- DIRECTIONS:
Exactly the lines from the one holding "lot 5 image: Pair Swivels Rockers" through the last line of the listing below must appear in the answer, and no pictures.

--- START ---

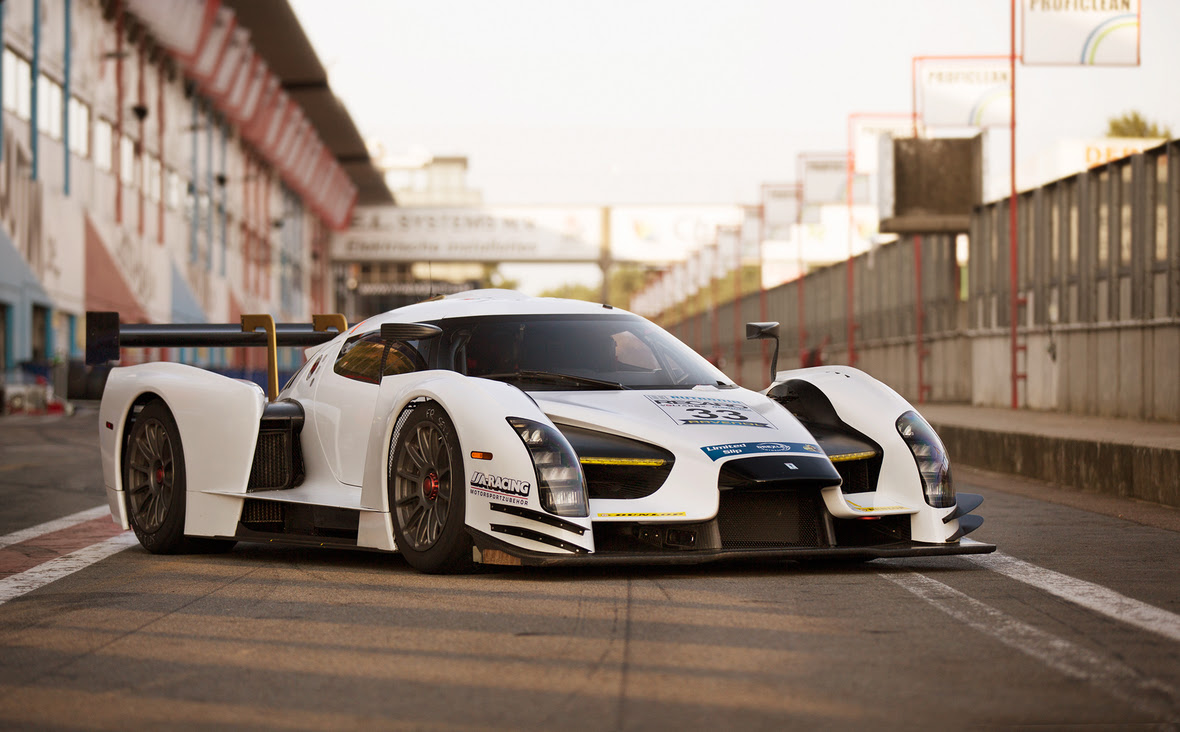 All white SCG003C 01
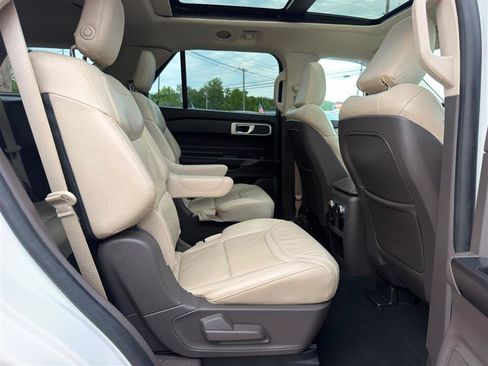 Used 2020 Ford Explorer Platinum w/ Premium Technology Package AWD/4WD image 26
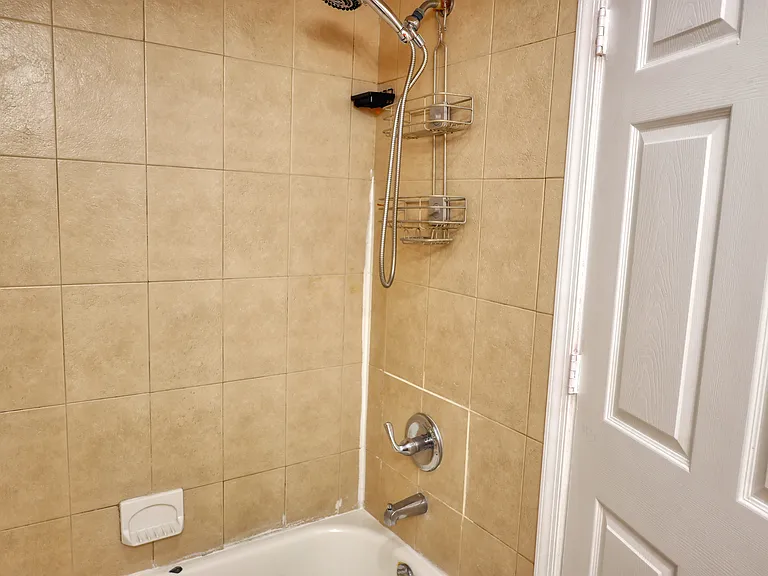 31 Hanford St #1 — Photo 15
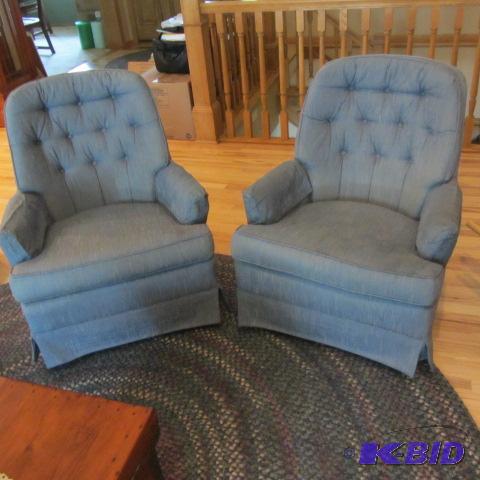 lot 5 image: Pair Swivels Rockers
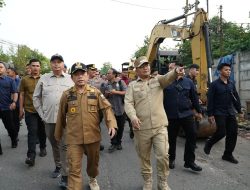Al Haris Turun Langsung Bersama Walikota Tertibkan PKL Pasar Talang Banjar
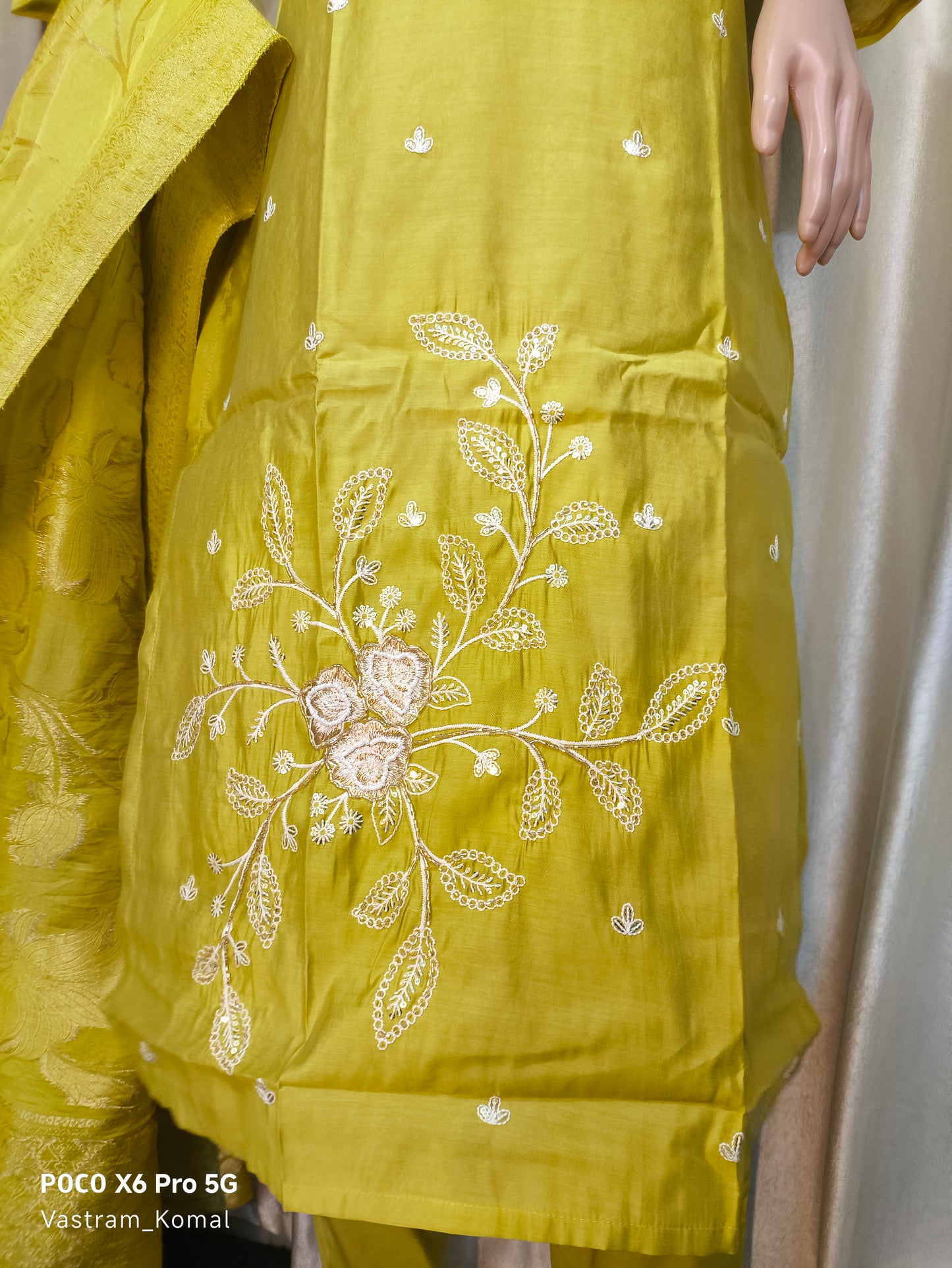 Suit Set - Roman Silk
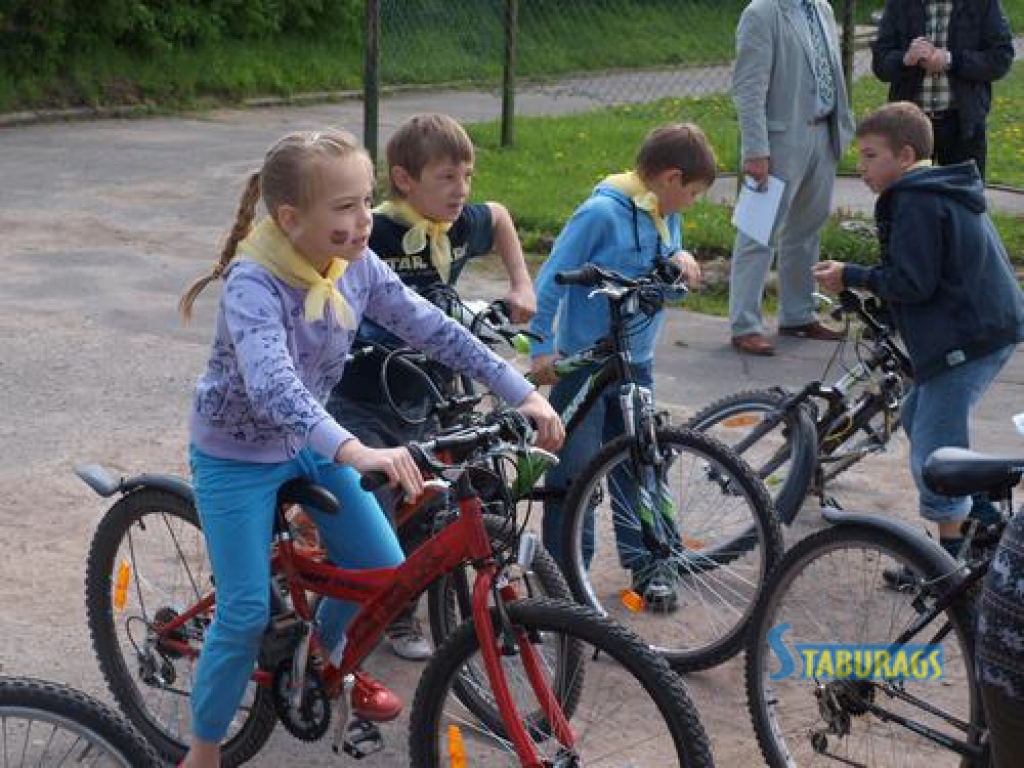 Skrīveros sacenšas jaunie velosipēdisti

--- END ---

- YOUR SOLUTION:
 lot 5 image: Pair Swivels Rockers
Al Haris Turun Langsung Bersama Walikota Tertibkan PKL Pasar Talang Banjar
 Suit Set - Roman Silk
 Skrīveros sacenšas jaunie velosipēdisti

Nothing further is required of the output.